How many of you have patronised these Southsea hotels and pubs in the past 30 years?
They include the Clarendon Hotel with Lord Larry’s Restaurant beneath; the Tumble Inn at Clarendon Road; the Pineapple Hill Mexican restaurant in Osborne Road, and The White Apartments, then a hotel, in South Parade.
If you were a regular at any of them then I’m sure you’d know Frederick Belchamber, who used to own all these dining places and hotels.
Some of the stars that booked rooms in the Clarendon were Leo Sayer, David Nixon and the Black & White Minstrels.
But before this period Frederick led an interesting life, knowing and meeting many household names.
Born near Haslemere in 1923, he joined the Fleet Air Arm aged 17 and was sent to HMS Unicorn, an aircraft repair ship and light carrier, as an armourer. They were the boys who loaded the guns on fighter aircraft.
In September 1943 Frederick was in HMS Unicorn at the invasion of Salerno. After the invasion an airfield was captured and Frederick, along with other armourers, was taken by Swordfish (the ‘stringbag’ airplane) to the airfield to reload aircraft as they came in from attacking Italian forces.

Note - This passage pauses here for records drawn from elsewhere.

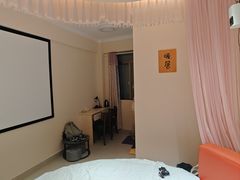 -非凡&佳缘主题公寓(广州大学城gogo新天地店)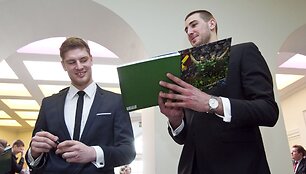 Dovydas Redikas ir Jonas Valančiūnas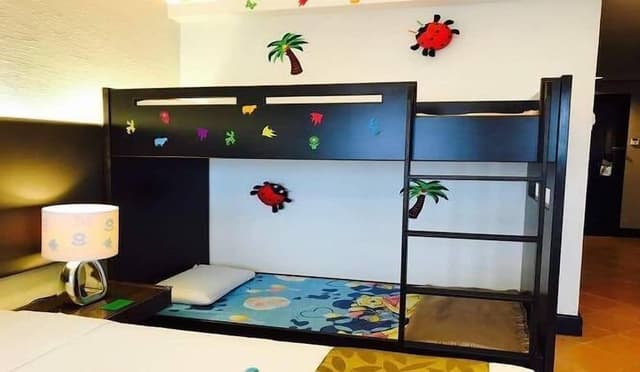 Thistle Family Sea Front (For 2 adults and 2 child)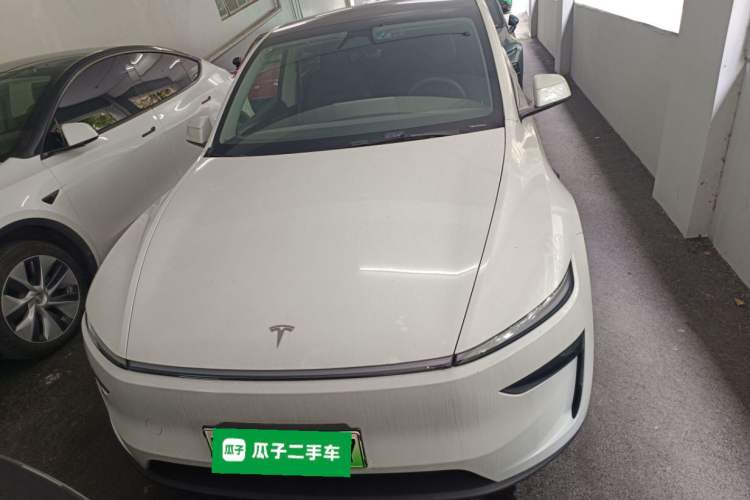 Used Tesla Model Y 2025 Rear-Wheel-Drive Version Front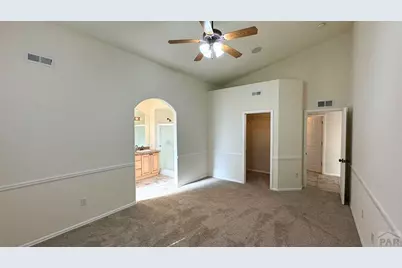 956 Peachcrest Dr, Pueblo, CO 81005 - Photo 7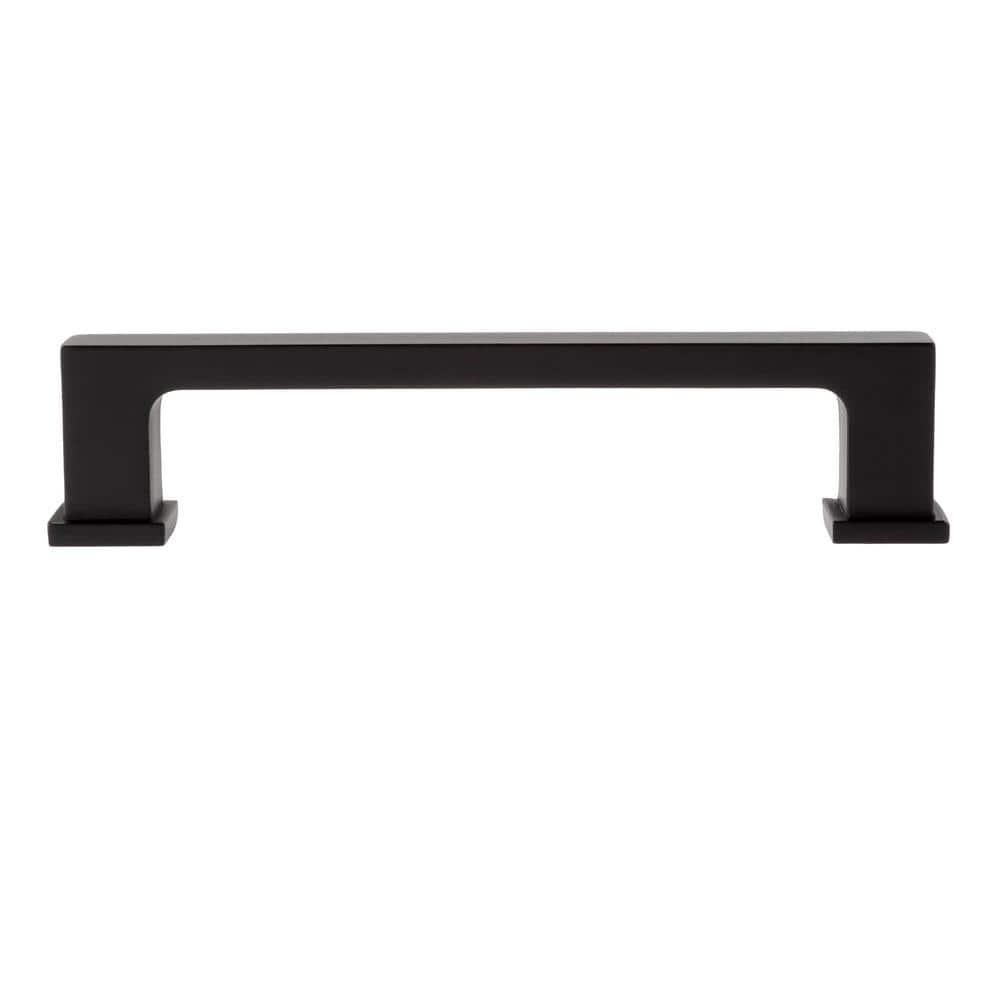 Chelsey 4" Center to Center Bar Pull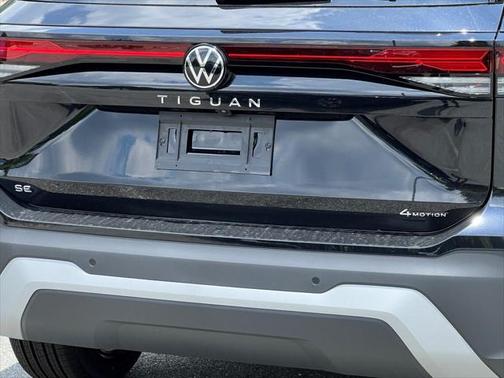 2025 Volkswagen Tiguan 2.0T SE 4MOTION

Unfortunately Italian snipers were in the area and one of the number was shot and killed, so Frederick and his mates were taken back to Unicorn.
It was while on board that Frederick witnessed a scene that has remained with him since. A Seafire, the sea-going Spitfire, came in to land but the hook missed all three of the arrester wires and the plane went over the side.
The plane was floating and the pilot, Sub-Lieutenant Randall, was struggling to get out of his harness. Unfortunately his aircraft went down with him still struggling to get out of the cockpit.
Later in the war Frederick was at HMS Daedalus with 897 Squadron and one of the aircraft in the squadron attacked and damaged a submarine.
Another time, when based at Worthy Down, near Winchester, he was late on parade and was called before the duty officer for a dressing down. That officer turned out to be none other than Laurence Olivier, who gave Frederick seven days ‘jankers’.
On leaving the navy at the end of the war, Frederick thought he would try acting and managed to get an audition at the Royal Shakespeare Company in Stratford in front of Sir Robert Atkins.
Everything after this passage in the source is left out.